The cafe’s three part-time employees were notified of the closure three weeks ago, McKee said. 

McKee and Ratton, her former fiance, created the cafe in the summer of 2021 as a queer-friendly space that was not focused on alcohol, saying such businesses were too often just bars and clubs.

“The queer community has been relegated to nightlife before this,” she told Mission Local then. “It was always where we were safe. That’s changing,”

The opening required major renovations: McKee said the kitchen had to be redone, a wall knocked down and a staircase installed. The spot was known for its signature nitro lattes and distinctive drinks, like raspberry matcha and dirty marshmallow oat chai. 

The majority of the cafe’s customers were regulars, said McKee.
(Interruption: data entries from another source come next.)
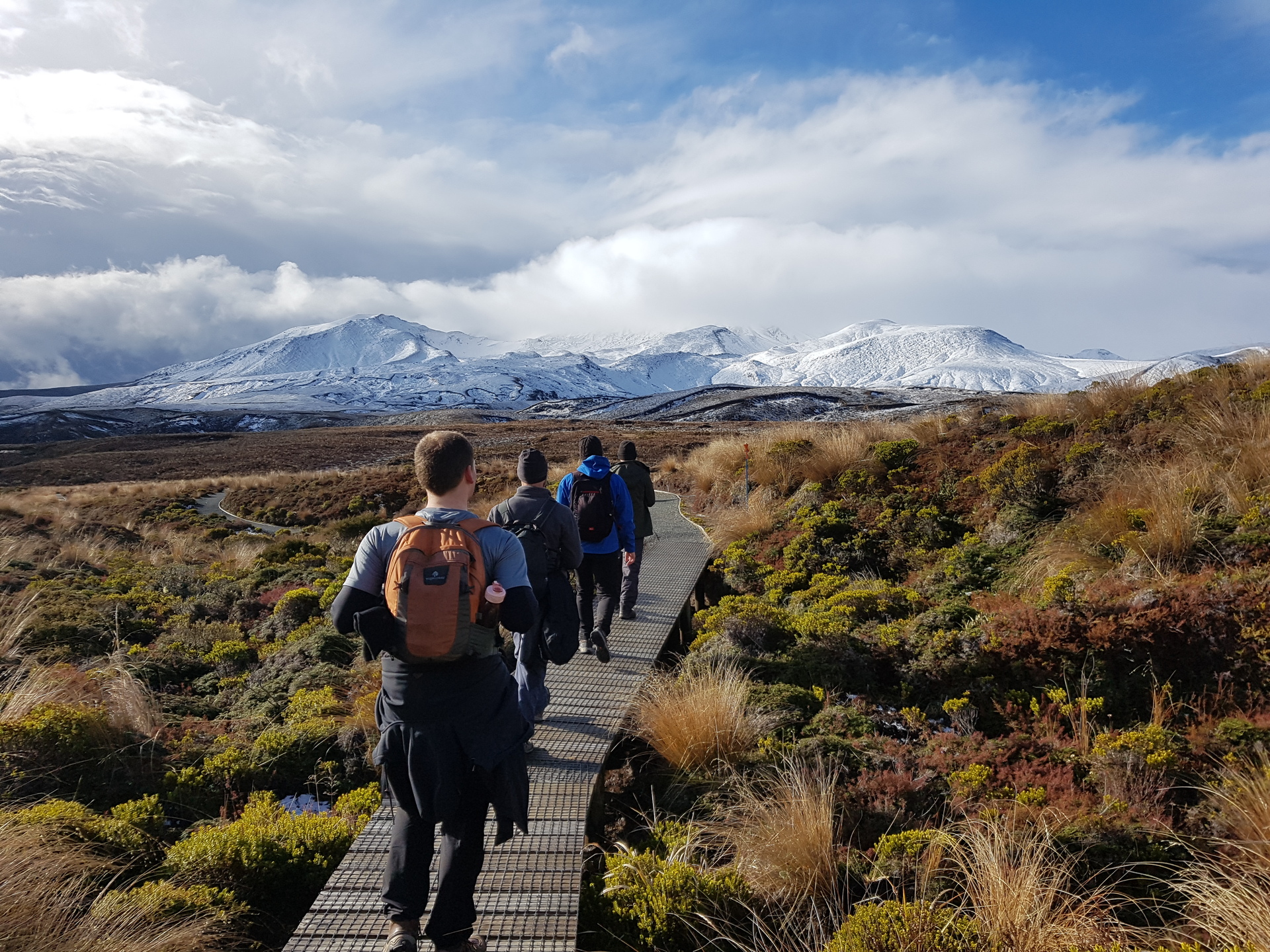 Get a taste of the Tongariro Northern Circuit on Adrift Tongariro's guided half-day Volcanic Explorer Tour. Photo / Cameron Chafin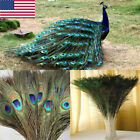 10 Pcs Real Natural Peacock Eye Feathers 10-12 Inch For Diy Craft  Wedding Us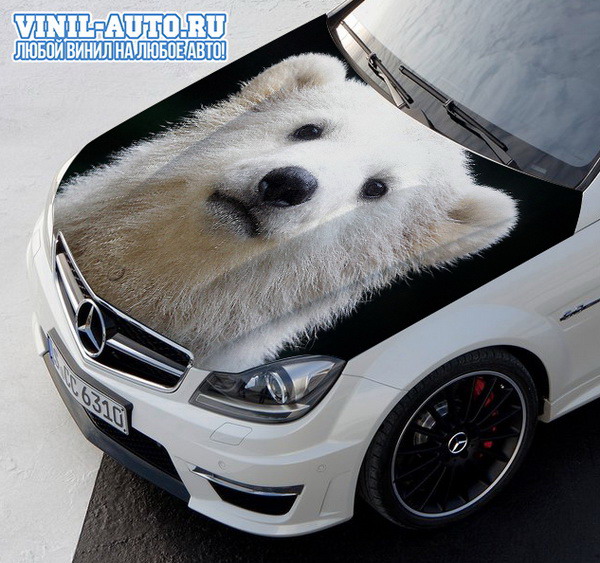 Винилография на капот - White Bear Car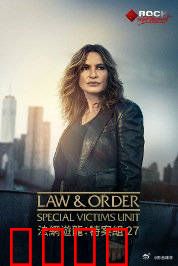 法律与秩序：正义的代价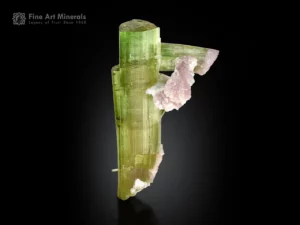 Green tourmaline crystal with pink lepidolite showing excellent luster and contrast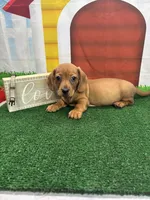 Piper's Male (gray), a male Miniature Dachshund for sale in Jacksonville, TX – 2 of 6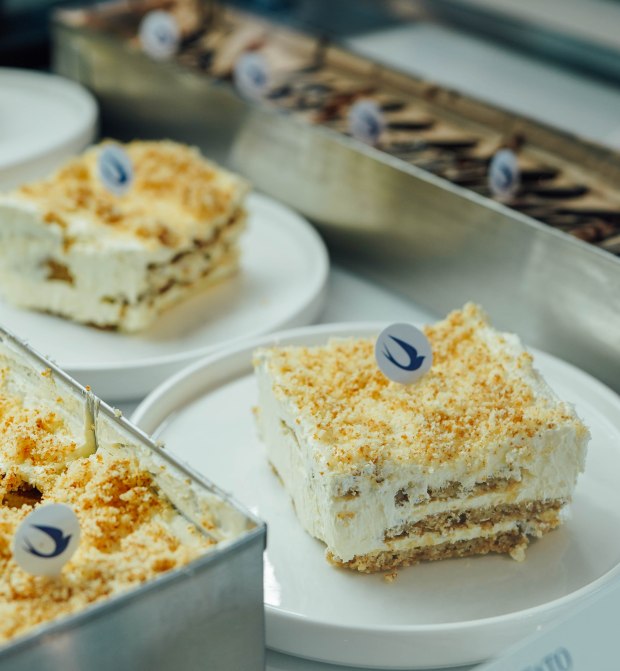 nuldam-space-singapore-tiramisu-2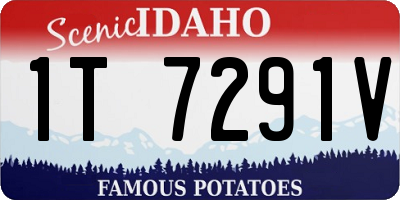 ID license plate 1T7291V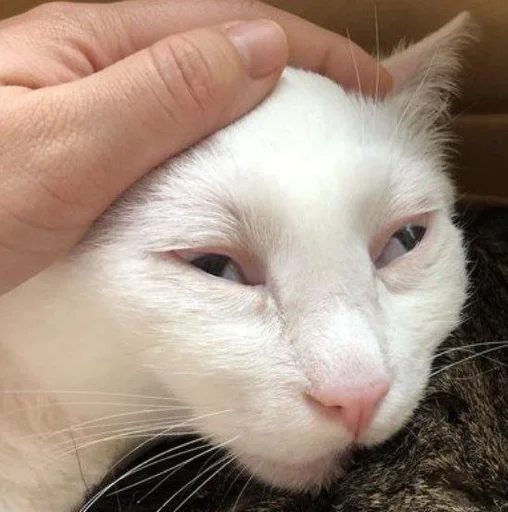 Эмодзи котяра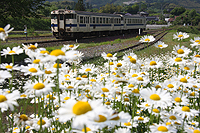 マーガレットの駅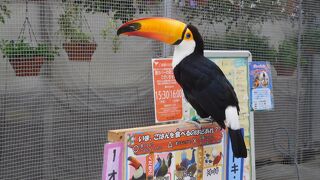 鳥好きの楽園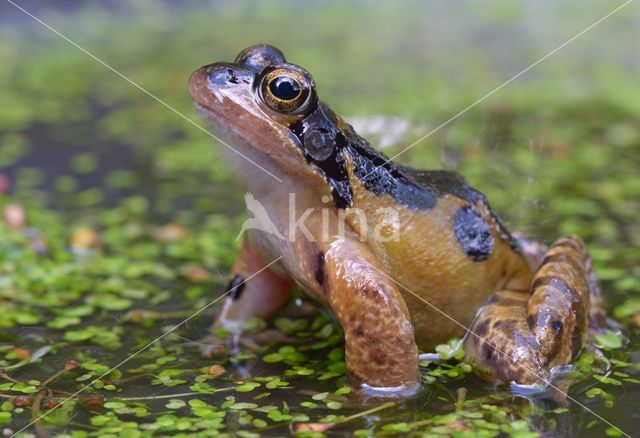 Bruine kikker (Rana temporaria)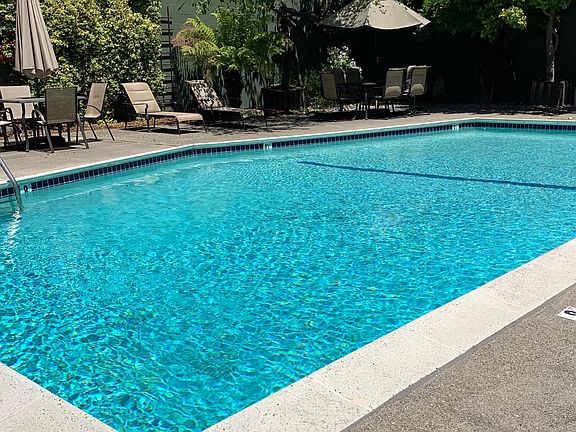 Outdoor swimming pool!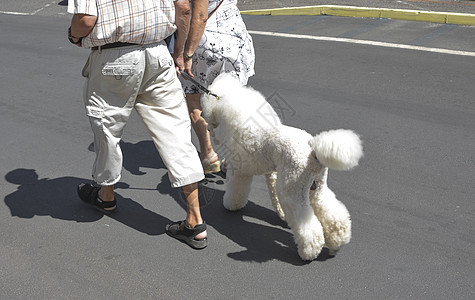一对年老的夫妇带着白狗走在一条皮带上图片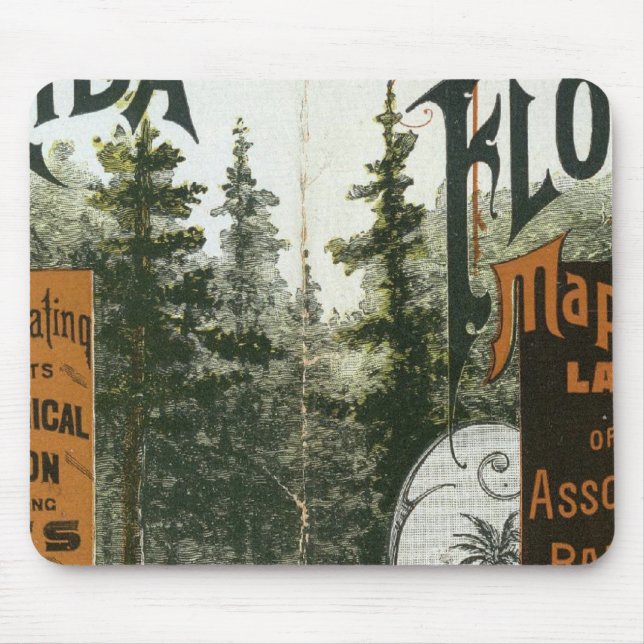 Mousepad Township Map, Flórida (Frente)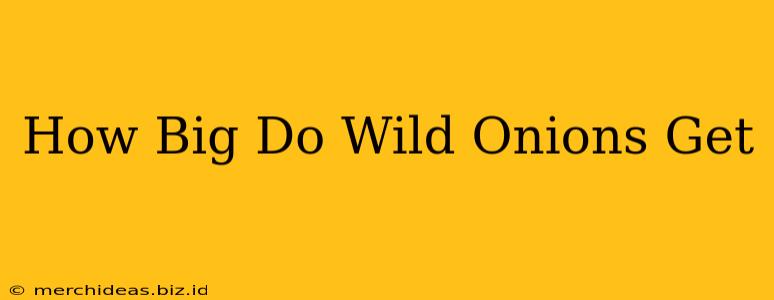 How Big Do Wild Onions Get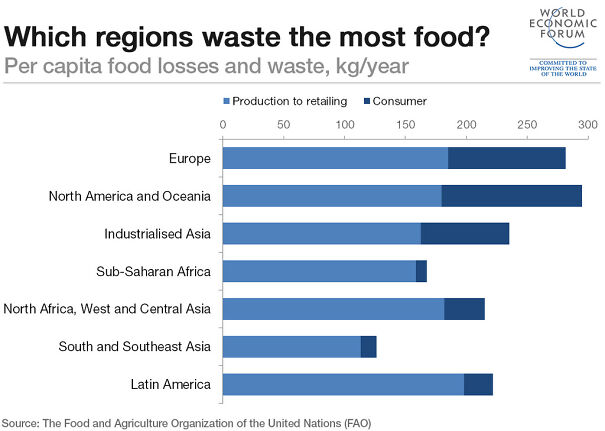 which-regions-waste-the-most-food_1024-1024x729-67b1960189d13-png.jpg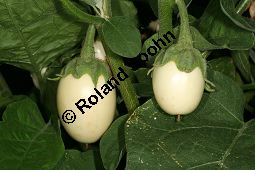 Aubergine 'Mohican', Mini-Aubergine 'Mohican, Eierfrucht 'Mohican' Solanum melongena 'Mohican' Kauf von 06767_solanum_melongena_mohican_img_9519.jpg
And each one gave their preferred name upon ordering. “We quickly learned everyone’s names,” she said. It was a personal touch to creating community, she said. 

The cafe also hosted a variety of events: Psychedelic healing, storytelling and drag brunch, to name a few. 

McKee and Ratton will now focus their time on their primary careers of hairdressing and metal casting, McKee said. McKee’s salon, Glama-Rama, is located just next door. 

“We hope with the closure that we will see more ‘third spaces,’ as the community we served truly needs and deserves such spaces,” said McKee. “We’re really sad to see it go.”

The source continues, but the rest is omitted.